Le Flâneur

LA CATRINA DEL HANAL PIXAN

Por Isabel Rosas Martín del Campo. 

Hacía mucho tiempo que no me transformaba en una que no soy yo o, eso pensaba mientras pintaba mi rostro frente al espejo que lo agiganta. Necesitaba ser puntual para llegar al Hanal Pixan, el festejo del Día de Muertos donde todos los mexicanos traemos de vuelta a nuestros difuntos. Antes de comer había pasado presurosamente a una papelería, necesitaba improvisar. Papel crepé de colores, una diadema, resistol y tendría mi bella corona floral para ser una Catrina agraciada y elegante. 

En tanto mi rostro iba cambiando sus facciones por el efecto de la luz y de la sombra, pensé cuan parecido es esto a la vida y a la muerte. Cuántos morimos cada día de desesperación, de amor, de soledad, de infelicidad, viviendo entre la luz y la sombra, agazapados como muertos sin sepultura. Cuántos morimos cada día sin que lo hayamos esperado. Repentinamente alguien más astuto, secuestra a la piadosa muerte, le arrebata su hoz y de su propio puño realiza un deber que no le ha sido encomendado. Ocasionando una caída sin dignidad mientras la Muerte llora su orfandad y su arrebato.

Me estaba costando trabajo delinearme el rostro a modo de que mi esqueleto facial luciera lo más atractivo posible para representar a la señora muerte. Esta que llega para abrazarte en el momento justo para que la agonía de tu deceso sea ilustre y con honor. Entonces comparé la muerte con los colores vivos de nuestra tradición y pensé inevitablemente en la vida. En la riqueza ritualística que acoge la ida de las almas con sabiduría sobre un camino de flores iluminado por cada espíritu deambulante entre nosotros, cuando los recordamos, sabiendo que su presencia es un tipo de energía que nos inunda hasta nuestra propia y muy íntima espiritualidad por saberlos bien, a donde sea que se encuentren esperando nuestra llegada. 

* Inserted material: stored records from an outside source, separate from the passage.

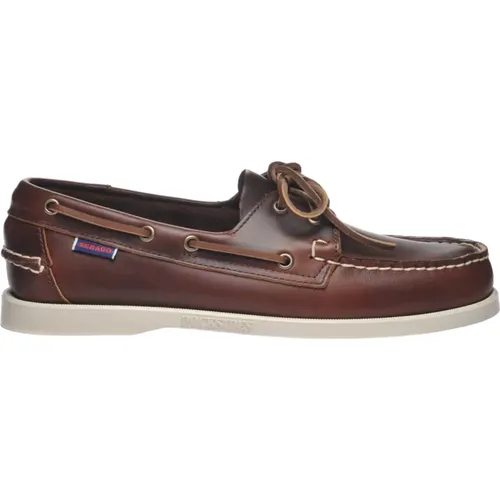 Shoes > Flats > Sailor Shoes - - Sebago - Modalova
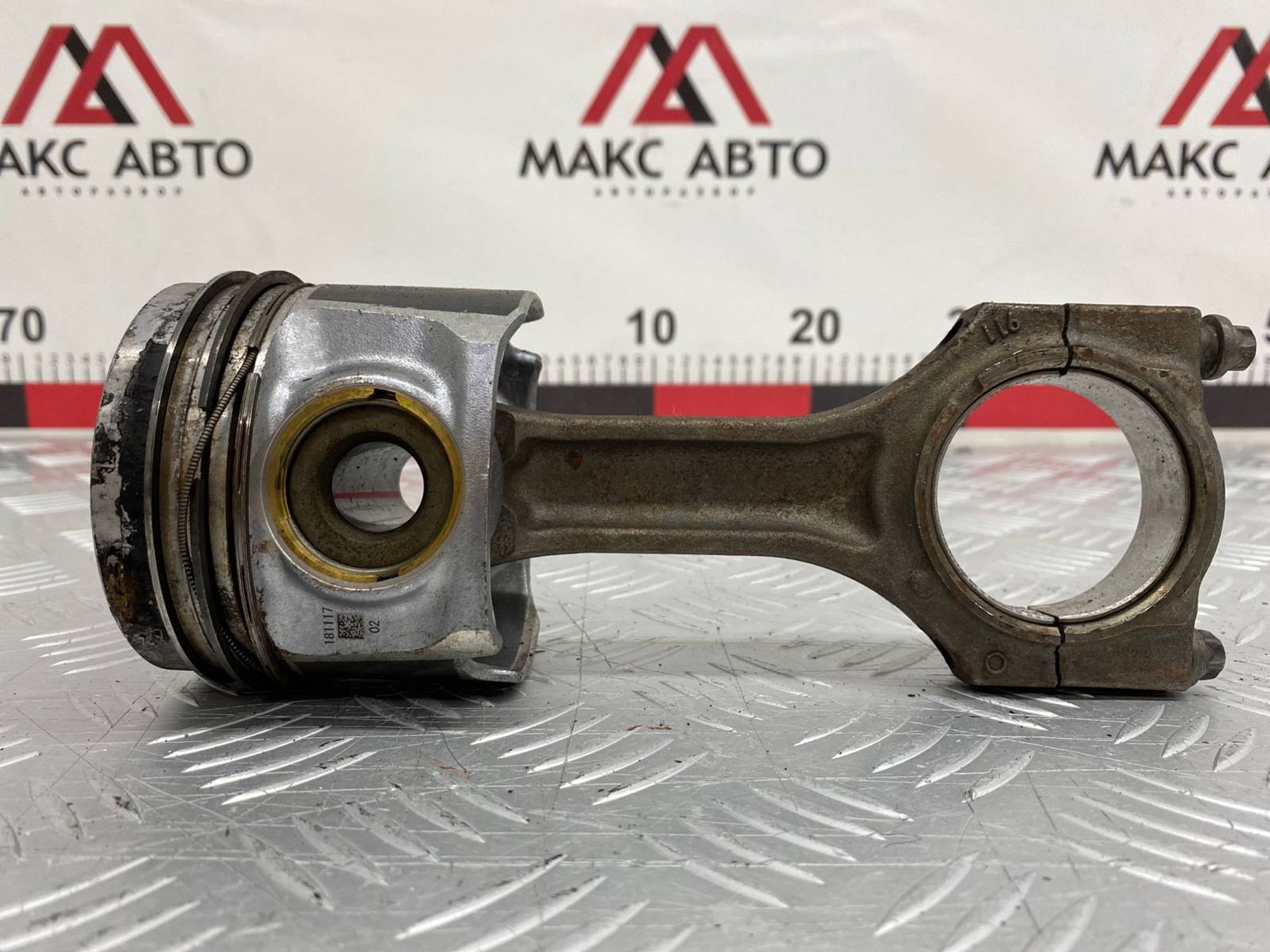 Б/У поршень с шатуном Bmw X5 G05 B57D30A, 9600 рублей, Краснодар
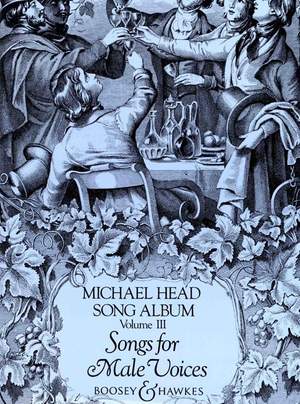 Head, M: Song Album Vol. 3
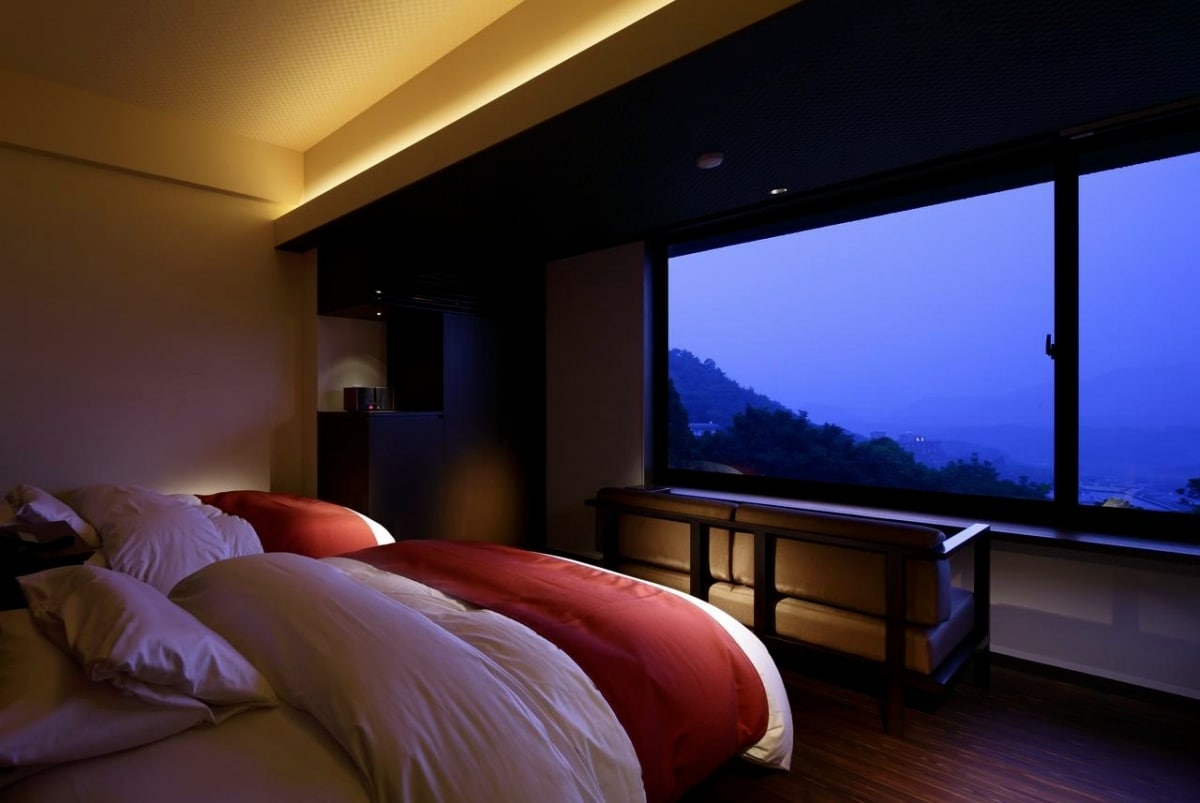 5. The modern Japanese style hotel - Negiya Ryofukaku (from US$189)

¡Por fin! Luego de casi una hora mi rostro ya no era yo. La cuenca de mis ojos era profunda, como si tuviese un adentro sin fondo. Por fuera, las cuentas de vidrio sobre mi superficie iluminaban mi propia mirada que quería esconderse de mí. Ahora a ponerse el vestuario. Tenía unos tres o cuatro años que me había comprado en un viaje a Chiapas, una falda y una blusa de dos etnias distintas (una de ellas: la Chamula). Saqué feliz un telar en forma de cuadro de color morado, lleno de flores y me lo enredé a mis caderas fijándomelo con una fajilla del mismo material, bien amarrado y apretado y mi blusa (hecha a mano) de india Chamula. Me hice una trenza de lado y me coloqué mi diadema de flores con unos aretes muy grandes (oaxaqueños). Me transformé en una Catrina ecléctica, pero muy mexicana. 

De camino al festejo, iba recordando cómo había nacido la Catrina, llamada así por Diego Rivera y dibujada por José Guadalupe Posada por primera vez. Fue entonces que la muerte adquirió un papel —en un inicio de revuelta y manifestación crítica por la situación siempre disímbola del país— a otro más esperanzador; una idea de una muerte encumbrada y elegante. Aunque originalmente “catrín” que aludía al hombre adinerado y acicalado de una época ya alejada de nuestro presente desgarbado, cambió al de “Catrina” que renació para dar vida a la representación del culto a la Muerte Mexicana.

He llegado a la verbena y me encuentro entre todas y entre muchas; así fotografiándose los extranjeros conmigo o, debo decir con la “Catrina”.